SCORPION Solar Cell: Formalism for electromagnetic waves

Below is described how the transfer matrix is applied to electromagnetic waves (for example light) of a given frequency propagating through a stack of layers at normal incidence. It can be generalized to deal with incidence at an angle, absorbing media, and media with magnetic properties. We assume that the stack layers are normal to the $z\,$ axis and that the field within one layer can be represented as the superposition of a left- and right-traveling wave with wave number $k\,$ ,

$E(z) = E_r e^{ikz} + E_l e^{-ikz}\,$ .

Because it follows from Maxwell's equation that $E\,$ and $F=dE/dz\,$ must be continuous across a boundary, it is convenient to represent the field as the vector $(E(z),F(z))\,$ , where

$F(z) = ik E_r e^{ikz} - ik E_l e^{-ikz}\,$ .

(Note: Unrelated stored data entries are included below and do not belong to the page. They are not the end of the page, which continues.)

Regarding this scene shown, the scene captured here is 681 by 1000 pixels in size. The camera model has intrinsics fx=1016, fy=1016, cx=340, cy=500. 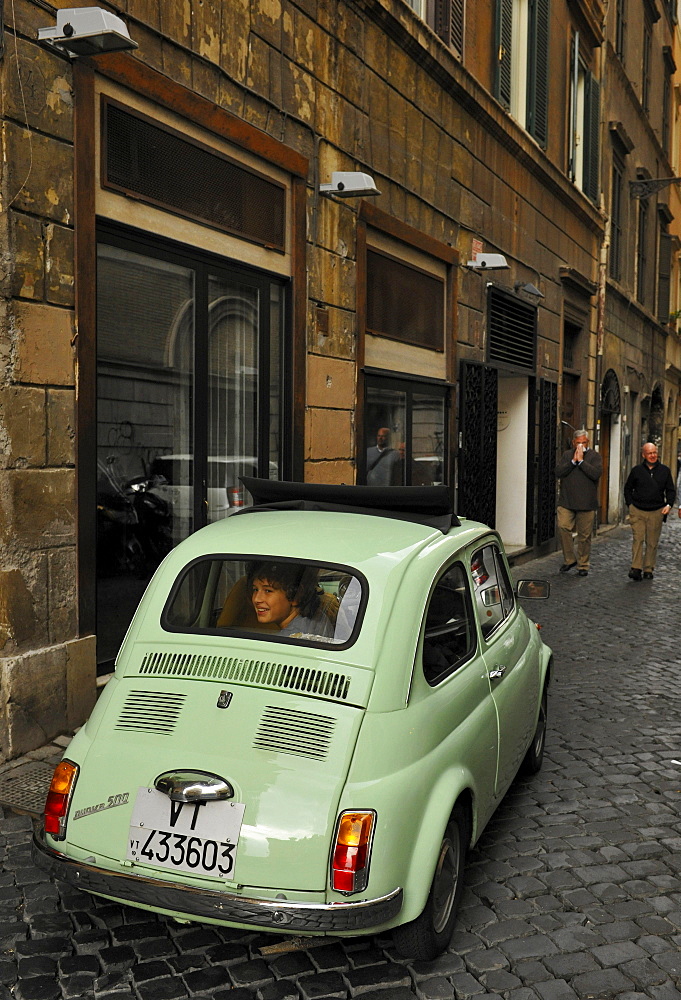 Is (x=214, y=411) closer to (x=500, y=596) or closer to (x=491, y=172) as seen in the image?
(x=500, y=596)

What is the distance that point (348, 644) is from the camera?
3.42 metres

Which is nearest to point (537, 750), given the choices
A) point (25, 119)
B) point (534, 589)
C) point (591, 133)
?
point (534, 589)

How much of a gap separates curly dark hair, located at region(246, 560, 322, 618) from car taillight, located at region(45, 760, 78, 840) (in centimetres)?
96

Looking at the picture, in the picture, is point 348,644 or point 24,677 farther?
point 24,677

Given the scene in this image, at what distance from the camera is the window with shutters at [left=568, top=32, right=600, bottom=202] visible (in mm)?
17516

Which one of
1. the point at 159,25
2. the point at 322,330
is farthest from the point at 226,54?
the point at 322,330

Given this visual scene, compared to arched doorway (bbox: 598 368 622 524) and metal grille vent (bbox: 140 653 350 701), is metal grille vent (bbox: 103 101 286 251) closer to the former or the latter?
metal grille vent (bbox: 140 653 350 701)

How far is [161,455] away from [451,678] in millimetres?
4030

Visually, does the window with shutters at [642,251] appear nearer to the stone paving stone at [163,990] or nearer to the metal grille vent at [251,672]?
the metal grille vent at [251,672]

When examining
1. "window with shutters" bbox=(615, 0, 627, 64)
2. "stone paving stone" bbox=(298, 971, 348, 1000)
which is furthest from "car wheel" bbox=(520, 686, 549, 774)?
"window with shutters" bbox=(615, 0, 627, 64)

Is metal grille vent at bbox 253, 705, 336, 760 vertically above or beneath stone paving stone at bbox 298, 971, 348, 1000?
above

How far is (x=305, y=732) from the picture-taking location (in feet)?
10.4

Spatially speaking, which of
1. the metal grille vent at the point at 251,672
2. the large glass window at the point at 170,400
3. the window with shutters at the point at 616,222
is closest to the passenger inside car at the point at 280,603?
the metal grille vent at the point at 251,672

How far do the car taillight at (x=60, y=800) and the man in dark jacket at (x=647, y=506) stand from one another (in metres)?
10.8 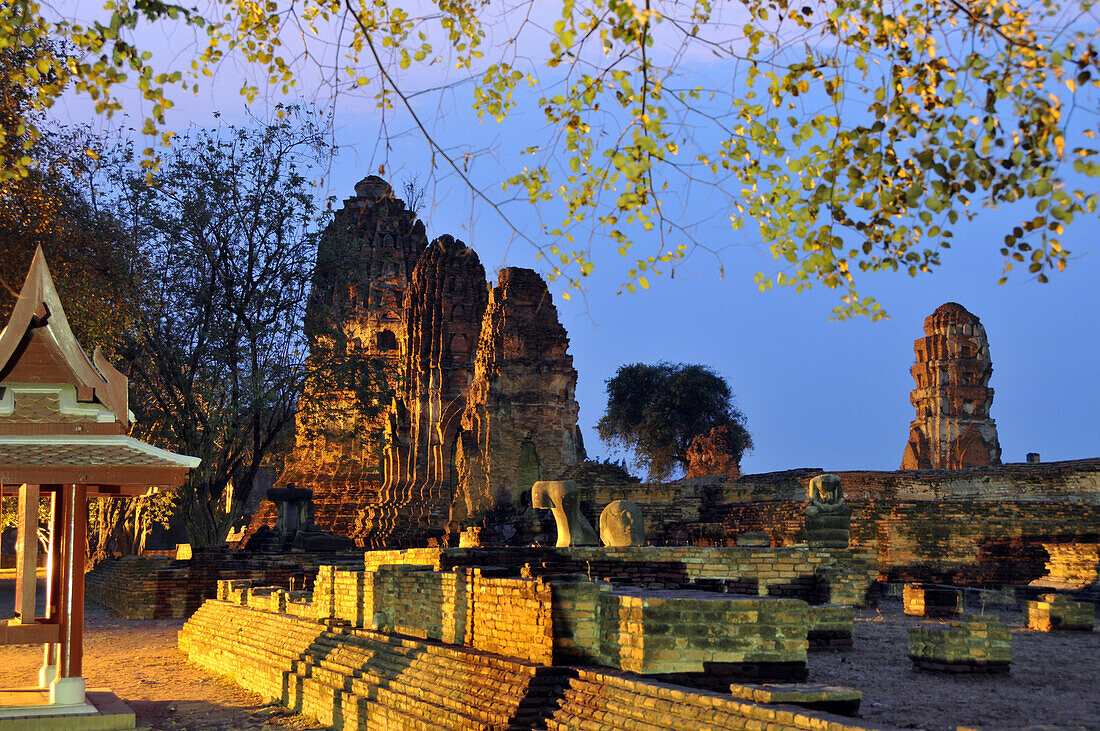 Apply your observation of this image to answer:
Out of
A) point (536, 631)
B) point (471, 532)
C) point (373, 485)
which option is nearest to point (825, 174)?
point (536, 631)

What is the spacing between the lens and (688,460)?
149 ft

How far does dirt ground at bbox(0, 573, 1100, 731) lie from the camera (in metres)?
6.05

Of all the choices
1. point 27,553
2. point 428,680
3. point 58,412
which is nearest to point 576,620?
point 428,680

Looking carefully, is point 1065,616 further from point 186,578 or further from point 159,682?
point 186,578

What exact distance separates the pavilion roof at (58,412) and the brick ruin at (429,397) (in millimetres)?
8487

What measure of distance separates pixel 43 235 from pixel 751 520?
13321mm

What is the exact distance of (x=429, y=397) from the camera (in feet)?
112

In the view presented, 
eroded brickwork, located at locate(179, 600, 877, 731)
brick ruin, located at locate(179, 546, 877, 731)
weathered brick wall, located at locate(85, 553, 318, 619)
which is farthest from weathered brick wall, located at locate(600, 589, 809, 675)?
weathered brick wall, located at locate(85, 553, 318, 619)

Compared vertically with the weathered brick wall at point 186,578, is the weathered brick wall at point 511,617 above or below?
above

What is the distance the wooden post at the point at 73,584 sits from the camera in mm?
7828

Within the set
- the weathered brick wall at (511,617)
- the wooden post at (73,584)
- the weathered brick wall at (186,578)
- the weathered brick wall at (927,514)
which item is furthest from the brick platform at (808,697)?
the weathered brick wall at (186,578)

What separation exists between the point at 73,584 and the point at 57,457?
1.11 metres

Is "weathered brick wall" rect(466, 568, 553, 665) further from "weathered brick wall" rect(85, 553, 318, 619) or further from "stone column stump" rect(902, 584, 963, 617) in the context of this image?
"weathered brick wall" rect(85, 553, 318, 619)

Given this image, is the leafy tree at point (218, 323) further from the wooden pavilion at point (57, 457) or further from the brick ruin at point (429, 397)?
the wooden pavilion at point (57, 457) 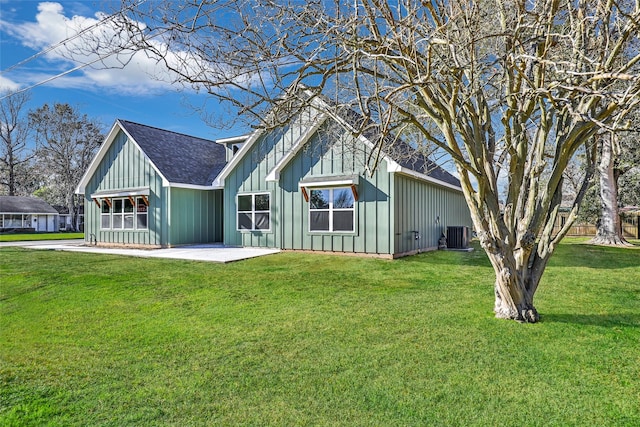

Since there are two equations relating $E\,$ and $F\,$ to $E_r\,$ and $E_l\,$ , these two representations are equivalent. In the new representation, propagation over a distance $L\,$ into the positive $z\,$ direction is described by the matrix

$M = \left( \begin{array}{cc} \cos kL & \frac{1}{k} \sin kL \\ -k \sin kL & \cos kL \end{array} \right),$

and

$\left(\begin{array}{c} E(z+L) \\ F(z+L) \end{array} \right) = M\cdot \left(\begin{array}{c} E(z) \\ F(z) \end{array} \right)$

Such a matrix can represent propagation through a layer if $k\,$ is the wave number in the medium and $L\,$ the thickness of the layer: For a system with $N\,$ layers, each layer $j\,$ has a transfer matrix $M_j\,$ , where $j\,$ increases towards higher $z\,$ values. The system transfer matrix is then

$M_s = M_N \cdot \ldots \cdot M_2 \cdot M_1.$

Typically, one would like to know the reflectance and transmittance of the layer structure. If the layer stack starts at $z=0\,$ , then for negative $z\,$ , the field is described as

$E_L(z) = E_0 e^{ik_Lz} + r E_0 e^{-ik_Lz}\,$ ,

where $E_0\,$ is the amplitude of the incoming wave, $k_L\,$ the wave number in the left medium, and $r\,$ is the amplitude (not intensity!) reflectance coefficient of the layer structure. On the other side of the layer structure, the field consists of a right-propagating transmitted field

$E_R(z) = t E_0 e^{ik_R z}\,$ ,

where $t\,$ is the amplitude transmittance and $k_R\,$ is the wave number in the rightmost medium. If $F_L = dE_L/dz\,$ and $F_R = dE_R/dz\,$ , then we can solve

$\left(\begin{array}{c} E(z_R) \\ F(z_R) \end{array} \right) = M\cdot \left(\begin{array}{c} E(0) \\ F(0) \end{array} \right)$

in terms of the matrix elements $M_{mn}\,$ of the system matrix $M_s\,$ and obtain

$t = 2 i k_L e^{-i k_R L}\left[\frac{M_{11} M_{22} - M_{12} M_{21}}{-M_{21} + k_L k_R M_{12} + i(k_R M_{11} + k_L M_{22})}\right]$

and

$r = \left[\frac{ (M_{21} + k_L k_R M_{12}) + i(k_L M_{22} - k_R M_{11})}{(-M_{21} + k_L k_R M_{12}) + i(k_L M_{22} + k_R M_{11})}\right]$ .

[edit] Example

As an illustration, consider a single layer of glass with a refractive index n and thickness d suspended in air at a wave number k (in air). In glass, the wave number is $k'=nk\,$ . The transfer matrix is

$M=\left(\begin{array}{cc}\cos k'd & \sin(k'd)/k' \\ -k' \sin k'd & \cos k'd \end{array}\right)$ .